**Task input:**

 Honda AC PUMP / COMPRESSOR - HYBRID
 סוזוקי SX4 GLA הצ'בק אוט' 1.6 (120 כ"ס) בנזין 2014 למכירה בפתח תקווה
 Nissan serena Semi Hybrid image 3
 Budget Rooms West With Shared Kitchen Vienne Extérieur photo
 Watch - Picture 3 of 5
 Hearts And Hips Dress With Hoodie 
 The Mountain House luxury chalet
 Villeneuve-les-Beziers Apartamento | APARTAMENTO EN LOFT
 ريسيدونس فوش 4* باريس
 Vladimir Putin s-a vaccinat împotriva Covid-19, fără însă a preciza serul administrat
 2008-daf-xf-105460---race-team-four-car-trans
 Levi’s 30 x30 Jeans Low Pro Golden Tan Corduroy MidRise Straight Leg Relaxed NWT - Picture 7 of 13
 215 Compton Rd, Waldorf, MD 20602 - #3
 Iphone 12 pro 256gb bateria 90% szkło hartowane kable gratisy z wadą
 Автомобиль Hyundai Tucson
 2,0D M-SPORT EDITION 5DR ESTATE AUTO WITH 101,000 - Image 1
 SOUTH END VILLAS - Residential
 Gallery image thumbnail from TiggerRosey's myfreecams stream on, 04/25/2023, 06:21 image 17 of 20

**Exercise:** Starting with the line that holds "סוזוקי SX4 GLA" and ending with the line that holds "ريسيدونس فوش 4* باريس", retype every line in the data above exactly, and nothing else.

**Expected output:**
 סוזוקי SX4 GLA הצ'בק אוט' 1.6 (120 כ"ס) בנזין 2014 למכירה בפתח תקווה
 Nissan serena Semi Hybrid image 3
 Budget Rooms West With Shared Kitchen Vienne Extérieur photo
 Watch - Picture 3 of 5
 Hearts And Hips Dress With Hoodie 
 The Mountain House luxury chalet
 Villeneuve-les-Beziers Apartamento | APARTAMENTO EN LOFT
 ريسيدونس فوش 4* باريس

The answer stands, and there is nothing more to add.